Contestataires tremblants

Allons, ne nous emballons pas. Redford, c'est un brave homme. S'il nous flanque une énorme raclée réactionnaire, c'est certainement pour mieux démonter le geste, pièce par pièce, ensuite. On attend donc l'opposition, la résistance « qui voit plus loin que le bout de son nez ». Et elle n'arrive jamais. Sur une première moitié de film, on doit se contenter, comme symbole de l'opposition, d'un jeune étudiant à peine pubère en pleine crise de rebellitude. Le « fuck » agressif accroché aux lèvres d'un minois malicieux, la bouche pleine de contestations décrédibilisées aussitôt par la condition d'adolescent de son auteur... Voilà l'opposition. Une opposition qui n'en est même pas une : le personnage est lui-même l'incarnation de l'autosuffisance de cette Amérique qui réalise son autoportrait. L'adolescent est décrit dans un langage hollywoodien traditionnel : culte béat de la personnalité, symbolique de la révolte et par-dessus tout, punchlines gonflées au charisme. Reste la journaliste incarnée par Meryl Streep. Après avoir digéré les arguments du gouverneur pro-guerre avec autant de passivité que de faiblesse, notre âme torturée accouche d'une vive contestation. Contestation vive, mais indicible : de l'extrême nervosité, des balbutiements... Bref, une pilule qui ne passe pas, mais sans que l'on nous montre de réaction structurée. D'un côté du pro-guerre, un discours tranché, imparable. En face, juste l'indécision et le malaise compressé. Que devons-nous en déduire ?

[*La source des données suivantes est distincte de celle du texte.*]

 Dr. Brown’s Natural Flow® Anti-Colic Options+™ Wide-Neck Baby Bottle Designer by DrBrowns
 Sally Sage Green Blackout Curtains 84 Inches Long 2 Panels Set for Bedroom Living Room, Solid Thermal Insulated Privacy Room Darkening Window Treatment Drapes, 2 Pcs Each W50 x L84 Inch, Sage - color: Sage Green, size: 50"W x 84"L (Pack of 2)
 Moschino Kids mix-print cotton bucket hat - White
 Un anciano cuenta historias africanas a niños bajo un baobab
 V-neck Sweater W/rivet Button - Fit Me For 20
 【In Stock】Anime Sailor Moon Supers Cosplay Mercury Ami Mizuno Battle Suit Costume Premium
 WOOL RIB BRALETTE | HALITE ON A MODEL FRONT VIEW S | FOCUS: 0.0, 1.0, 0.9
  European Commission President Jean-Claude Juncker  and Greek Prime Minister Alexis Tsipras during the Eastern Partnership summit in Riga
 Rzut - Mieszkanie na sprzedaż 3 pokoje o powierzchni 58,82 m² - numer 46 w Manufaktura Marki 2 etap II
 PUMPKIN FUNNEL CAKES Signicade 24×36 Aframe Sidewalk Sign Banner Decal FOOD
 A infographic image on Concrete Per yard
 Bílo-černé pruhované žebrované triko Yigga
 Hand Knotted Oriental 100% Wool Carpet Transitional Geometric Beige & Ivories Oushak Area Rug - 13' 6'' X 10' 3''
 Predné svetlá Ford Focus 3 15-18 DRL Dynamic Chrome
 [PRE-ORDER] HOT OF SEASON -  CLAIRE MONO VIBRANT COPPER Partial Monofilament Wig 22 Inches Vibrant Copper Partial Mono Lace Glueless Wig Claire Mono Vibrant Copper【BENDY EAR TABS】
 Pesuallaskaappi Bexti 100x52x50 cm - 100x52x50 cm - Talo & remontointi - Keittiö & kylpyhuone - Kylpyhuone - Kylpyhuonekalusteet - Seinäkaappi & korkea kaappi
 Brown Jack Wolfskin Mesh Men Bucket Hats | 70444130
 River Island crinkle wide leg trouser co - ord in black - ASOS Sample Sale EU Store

Salauds d'indiens, de communistes et de barbus

Des contestataires trop jeunes ou trop diffus, mais en face, un discours clair et sans ambiguïtés : tant dans la forme que dans le fond. Par le discours du gouverneur, on place l'Amérique en position d'agressé, et l'habituelle paranoïa de l'administration Bush prend le pas sur toute autre considération : le discours est clair, l'axe du mal, c'est l'Irak, l'Iran et l'Afghanistan. L'Amérique en guerre, c'est Dieu qui envoie ses messies guérir son monde d'un chaos moyenâgeux. Et pour enfoncer le clou, la caméra nous amène la plus énorme analogie propagandiste qui soit : les paroles rapportées d'un glorieux homme d'état du passé. « Entre la vertu et la paix, je choisis la vertu » a dit Roosevelt. Comment, après un plan solennel (violons encore) sur un bel encadré de cette citation, ne pas être corps et âme derrière les courageux va-t'en-guerre américains ? Le clou est définitivement enfoncé par les scènes rapportées d'un combat en Afghanistan. Si, après ça, le spectateur n'a pas encore compris qui sont les bons et qui sont les sales communistes... euh, les méchants arabes, c'est qu'il est prêt à percevoir Les bérets verts de John Wayne comme une puissante critique des dégénérescences guerrières de la guerre froide. Redford nous met en place LA scène parfaite, démontrant toute l'humanité des Américains au combat et l'extrême félonie et sauvagerie de « ceux d'en face ». Dans un décor lunaire et glacé, deux soldats américains sont à terre, blessés. En face, l'ennemi, les talibans.

Modernité contre barbarie

C'est vieux comme Hérode. Pour réaliser la scène de bataille la plus manichéenne possible, il suffit d'humaniser et de déshumaniser par des procédés filmiques très simples l'un et l'autre des adversaires. D'un côté, les Américains, largement inférieurs en nombre. Deux soldats, jeunes, filmés presque toujours en gros plan pour bien que l'on s'aperçoive que ce sont des gens comme nous : des gens qui communiquent, ressentent, souffrent, se parlent. L'identification est maximale. En face, l'ennemi est presque invisible. Il s'agite dans la pénombre de la nuit tel une horde d'animaux sauvages tapis dans le noir, se rapprochant sournoisement d'une proie affaiblie. L'ennemi n'est pas un homme, c'est une masse informe, bruyante, menaçante, et par-dessus tout couarde. Car on l'a toujours su, l'Américain est courageux. Il fait la guerre, mais pas comme un sauvage. Ses frappes sont chirurgicales. Le soldat américain est gouailleur, donc humain, et profondément bon et fraternel, donc encore plus humain. En résumé, et ce d'un point de vue purement formel, le soldat taliban est un monstre assoiffé de sang, le soldat américain est notre frère humain. Traqué comme une bête, il meurt comme un homme, la tête haute et la mine convaincue.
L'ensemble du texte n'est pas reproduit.